Bedenk vooraf wat je wilt bereiken. Houd je bij de methode of de thema's of neem zoals in groep 3 je leesmethode als uitgangspunt. In groep 4 t/m 8: neem het vak of thema als uitgangspunt voor je woordenschatonderwijs.

Besteed naast de dagelijkse algemene taal ook aandacht aan de cognitieve academische taal, de schooltaal. Schooltaalwoorden komen veel en vaak voor in lesboeken en instructies. Deze woorden zijn nodig om teksten te begrijpen en het is belangrijk dat de leerkracht deze woorden ook zelf gebruikt tijdens de instructie.  

Maak een plan en bied woorden specifiek aan, eerst receptief en dan productief.
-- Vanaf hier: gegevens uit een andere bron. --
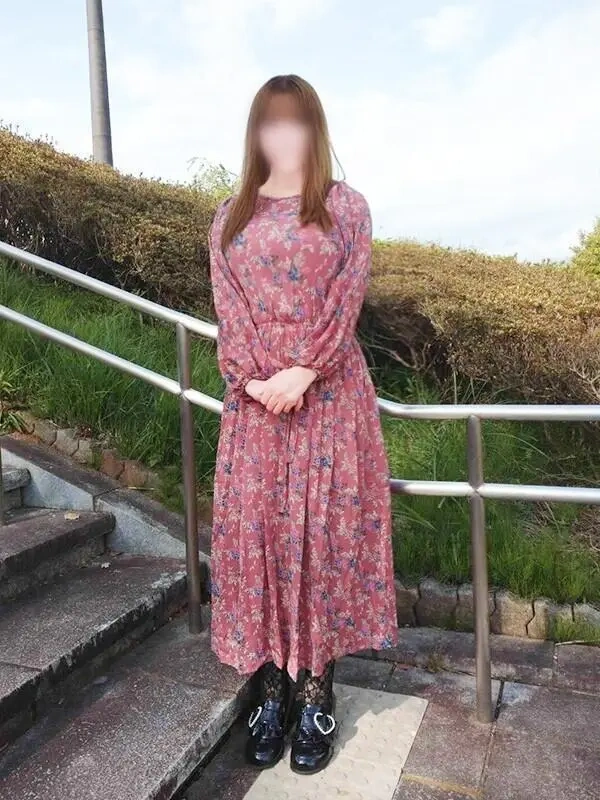 渡辺 まりな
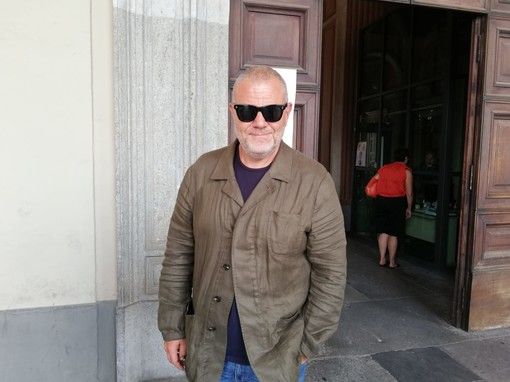 Non ci fu diffamazione nella puntata delle &quot;Iene&quot;: assolto in tribunale Giulio Golia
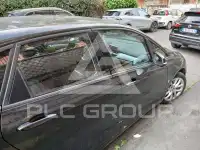 2017 BMW 225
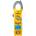 Fieldpiece SC260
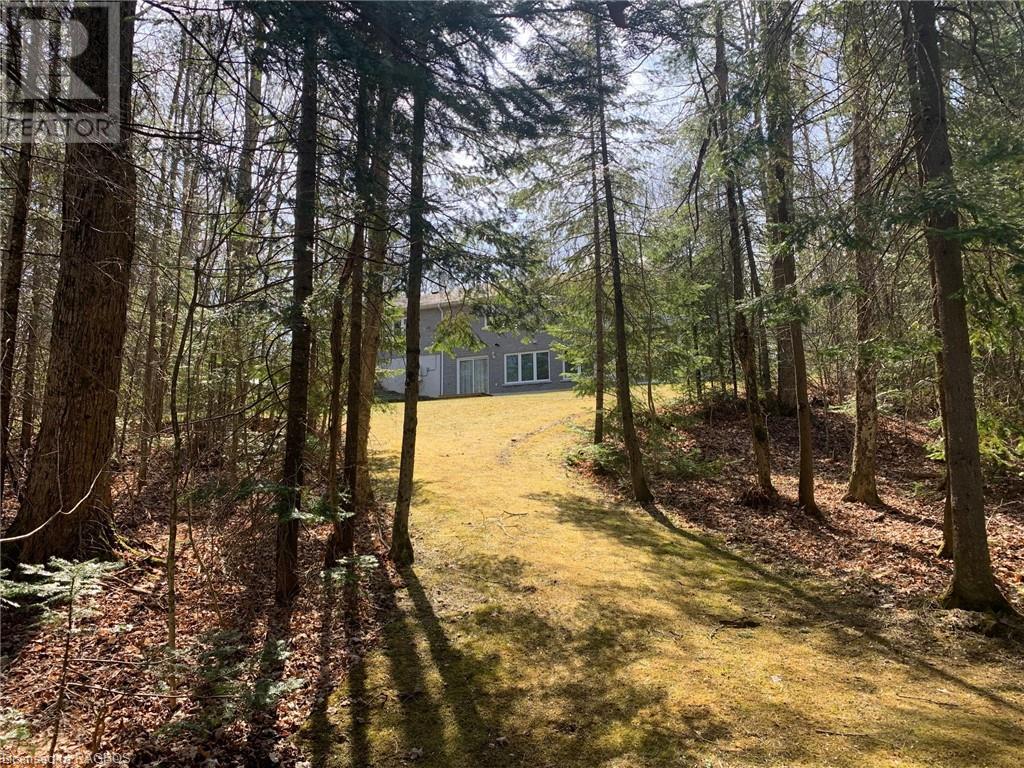 503125 Grey Road 12, West Grey, Ontario  N0G 1R0 - Photo 11 - 40569041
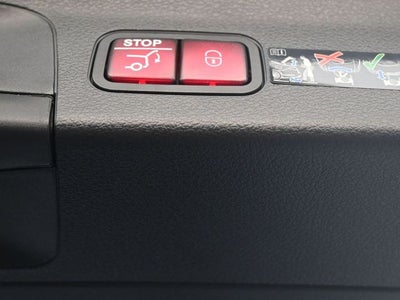 2025 Mercedes-Benz GLS GLS 450 4MATIC®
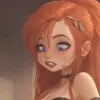 مولد الصور الإباحية بالذكاء الاصطناعي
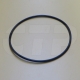 New 1218094 Seal O Ring Replacement suitable for Caterpillar Equipment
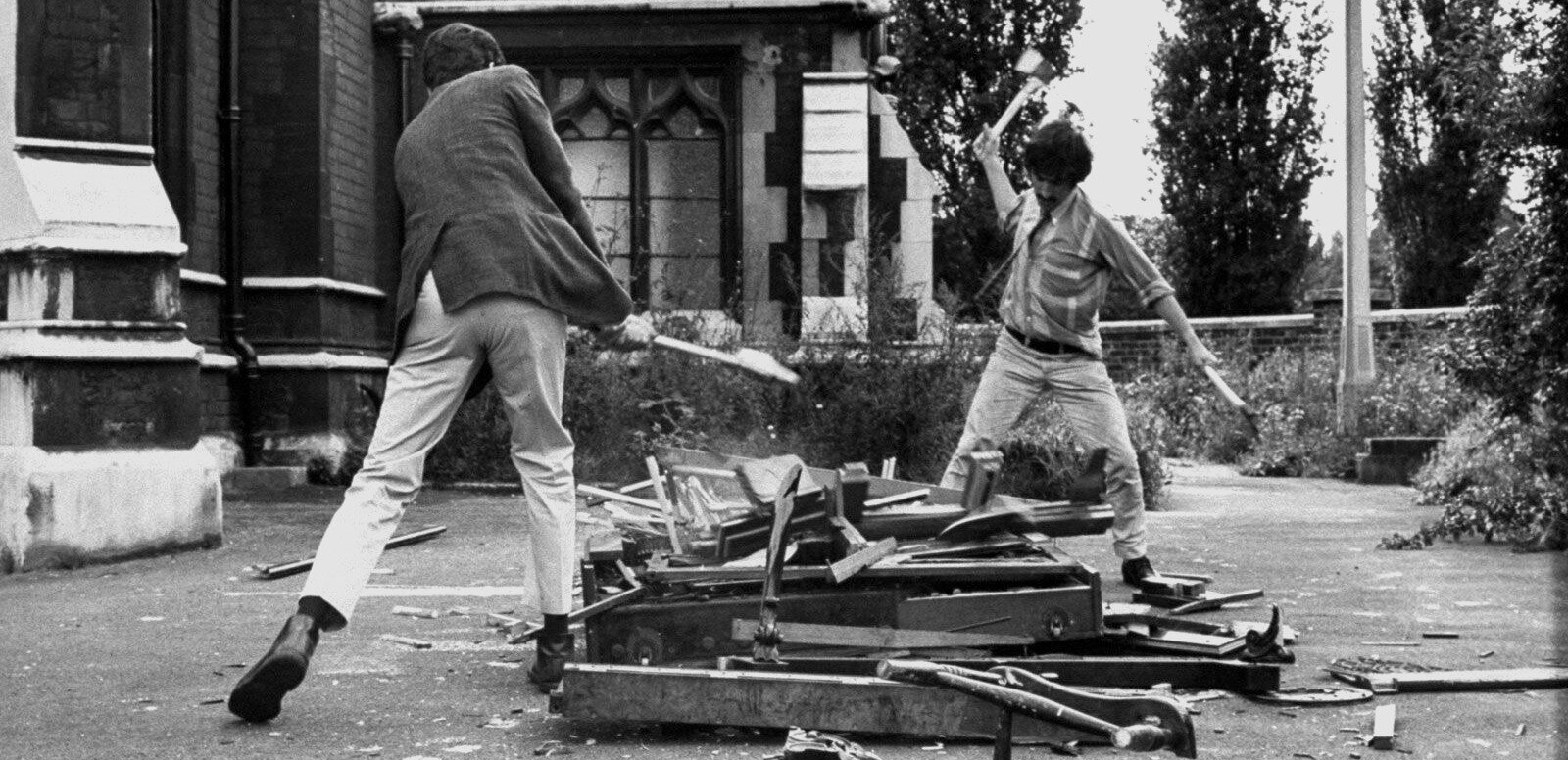 MIUC 290920 Online Concert #28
Pas woordleerstrategieën toe. Verstevig het netwerk en herhaal de woorden minimaal 7 keer. Label de materialen en maak een NT2 hoekje of woordmuur in de klas. Gebruik lidwoorden en heb je ondersteuning laat het dan aansluiten. Volg de woordenschatontwikkeling en toets de aangeboden woorden.
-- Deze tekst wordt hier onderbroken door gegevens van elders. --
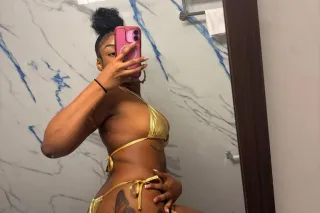 MS. SUPER HEAD 💦👅 NO GAG REFLEX! 🤪 WET & CREAMYY! 🍦 photo 7
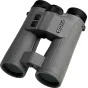 Focus Track II 8x42 HD RF 1500 m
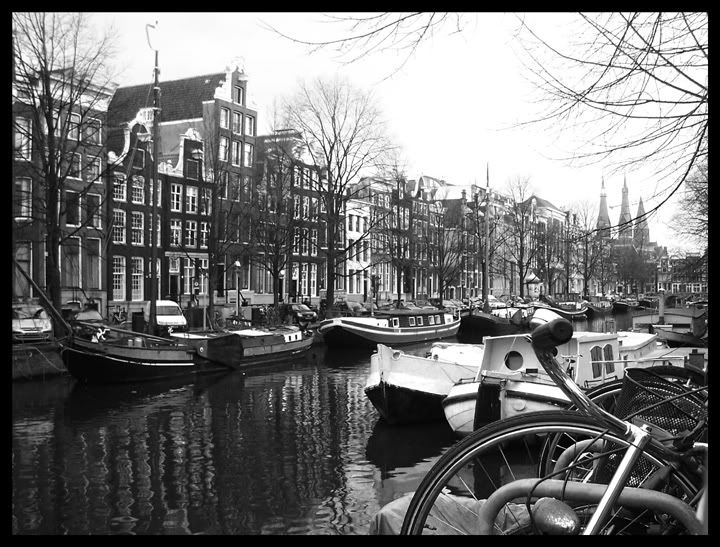 amsterdamcanal.jpg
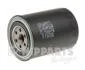 Масляний фільтр NIPPARTS J1311010 (фото 1)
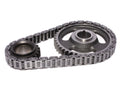 Comp Cams Pontiac Magnum Roller Set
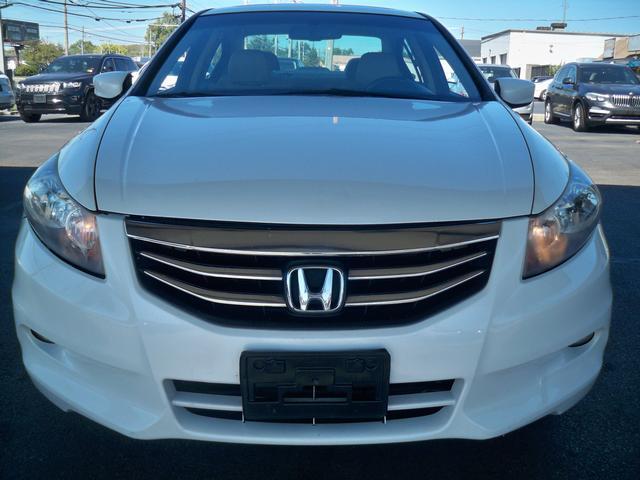used 2012 Honda Accord car, priced at $7,970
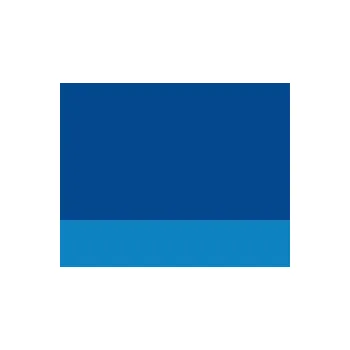 Olejová barva Olejová barva Lefranc 40ml – 048 Sapphire Blue (Olejová barva Lefranc 40ml – 048 Sapphire Blue)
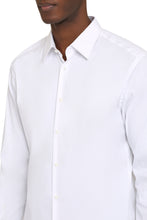 Load image into Gallery viewer, Cotton shirt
Hoe kun je de taalvaardigheid vergroten:

* Creëer voldoende momenten om de interactie te stimuleren;
* Benoem wat de leerling doet;
* Spreek zelf duidelijk;
* Start met gesloten vragen;
* Geef de leerling voldoende denk- en spreektijd;
* Gebruik lidwoorden;
* Laat zinnen maken;
* Herhaal de zin in correcte vorm;
* Doe voor en benoem.

Consolideer oefeningen groep 3-8

Consolideer oefeningen kleuters


Materialen

Zien is Snappen. De titel zegt het al ' Zien is Snappen'. De leerling wordt op een visuele manier wegwijs gemaakt in de Nederlandse taal. Duidelijke opbouw, met kleuren van zinsopbouw. Gedurene het jaar zijn er ook diverse cursussen om meer inspiratie en informatie op te doen hoe deze middelen in te zetten.

Zien is Snappen

Woorden in Prenten: een leuke en aantrekkelijke manier om de woordenschat uit te breiden. In deze twee delen van woorden in Prenten zijn 10 prentenboeken uitgewerkt. Rond ieder prentenboek zijn 5 lessen gemaakt. Elke dag leert de leerling nieuwe woorden. Op de laatste dag kan het prentenboek in zijn geheel voorgelezen worden en zullen de woorden bekend zijn. In de verwerking zitten de visuele midelen die in Zien is Snappen worden aangeboden verwerkt.

Woorden in prenten

De Bovenkamer is een opzoekboek voor leerlingen vanaf 8 jaar. Het legt de grammatica uit met behulp van foto's, symbolen en kleuren. De visuele uitleg is een handige steun in de rug voor iedere leerling, maar zeker voor leerlingen die het Nederlands niet als moedertaal hebben. De bovenkamer biedt taalinzicht. Met gekleurde strookjes leren leerlingen hoe ze zinnen kunnen opdelen in zinsdelen en hoe ze woorden in een zin kunnen benoemen.